Karim explique qu’il a beaucoup tâtonné avant de trouver les meilleures pratiques. En 2006, il a laissé s’enherber tous les rangs. Pas satisfait. Aujourd’hui, il enherbe un rang sur deux et tous les trois ans, il permute les rangs en herbe et ceux sans herbe. L’un en humification (la matière organique se transforme en humus), l’autre en minéralisation (production de gaz carbonique, sulfates, nitrates…) Pas de labour mais dans un rang, il passe un griffon qui calme l’herbe et ameublit en surface, et dans l’autre, il recourt aux broyeurs qui laissent sur place herbe et bois de taille.

le groupe a trouvé des poireaux sauvages
Le viticulteur Karim Riman discute avec le groupe de leurs découvertes, ici un poireau sauvage ©JB

« Mon objectif, c’est qu’aucun grain de terre ne sorte de la parcelle » sourit le viticulteur. Et de fait, ici pas d’érosion, la terre est homogène. « En laissant le sol se rétablir, on favorise tous les animaux, la chaîne alimentaire. Sur un sol fertile, les plantes poussent plus et nourrissent la faune dessus et dessous. »

Un domaine en agroforesterie

Sur ces parcelles, Karim Riman plante des arbres, en protège d’autres ou les laisse sur place quand ils meurent, ainsi que des tas de bois qui abritent la vie. Sur un amandier mort, il a laissé pousser un lierre devenu « un hôtel 5 étoiles pour toutes sortes d’habitants ». Et installé des nichoirs pour les Mésanges, Rolliers et Pipistrelles.
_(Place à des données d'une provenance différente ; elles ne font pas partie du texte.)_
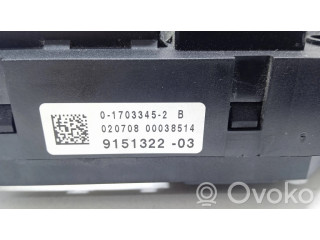 Pojistková skříňka 017033452B, 02070800038514 BMW 7 F01 F02 F03 F04 2009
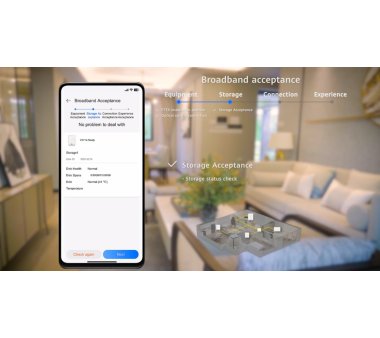 Huawei OptiXstar F50 (FTTR = Fibre-to-the-Room)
un rang de vigne est enherbé, l'autre pas
Au pied des vignes, la biodiversité s’installe naturellement ©JB

Preuve est faite qu’ici, le sol s’est régénéré tout seul en activité microbienne. « Le « stock » de graines était en partie dans le sol, analyse le viticulteur, la levée des facteurs d’inhibition de la germination (les herbicides et le travail du sol au  rotavator) leur a permis de s’exprimer ».
Mais qu’en est-il de la production de raisin ? Il a fallu cinq ans, mais aujourd’hui le vin des Terres de l’Amelié est vendu en cuvée spéciale bio à la cave coopérative voisine. « Les principes d’auto-régénération des sols, ça marche chez moi, dans mon contexte pédoclimatique » conclut Karim, modestement.
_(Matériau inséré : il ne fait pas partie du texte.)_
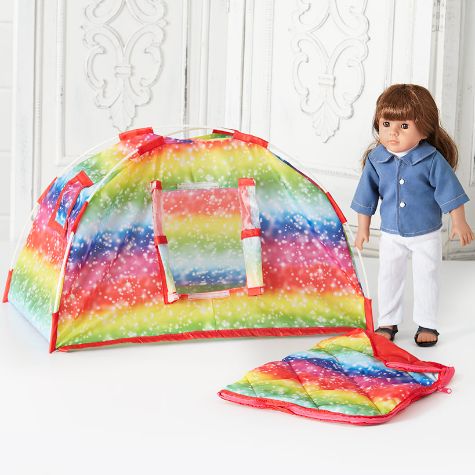18" Doll Camping Set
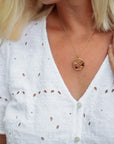The Garden Moon Necklace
La biodiversité, hormone du bonheur

Trois heures ont passé, les baladeurs sont ravis. « Ça me plaît d’être dans la nature, confie Monique, venue du Thor. On en fait partie ! Gamins, on ramassait et on connaissait les plantes ». Nathalie, d’Oppède trouve le domaine très beau. Cette ancienne prof croit beaucoup à la transmission et participe aux sorties d’Ecoppède avec les scolaires. « La biodiversité est hyper importante, il faut faire attention à cet équilibre, tout le monde est important, y compris les petites « bébêtes » du début ! »

le long du mur en pierres, les baladeurs trouvent une flore très variée
Les murs de pierres sèches, les arbres, vivants et morts hébergent une faune et une flore très diverse pour le bonheur des amateurs ©JB

Chantal Françon affiche un beau sourire. « Avant je ne voyais que de l’herbe, maintenant je vois des individus. Les gens sont heureux à la fin de la balade, la multiplicité du vivant nous fait rejoindre nos racines. Il y a du plaisir avec tous les sens, le toucher, le goût, l’odorat… On prend un bain de vie ».

Aujourd’hui les visiteurs ont recensé une trentaine de plantes différentes sur le domaine viticole.

Ecoppède

L’association, installée à Oppède, village perché du Luberon, se consacre à l’environnement et à la citoyenneté. Ses activités sont multiples. De la sensibilisation avec les sorties scolaires (plantes, oiseaux, arbres…) aux journées thématiques (sur l’eau, l’alimentation), en passant par l’aide aux devoirs ou la mise en place de cendriers dans le village, décorés par les scolaires.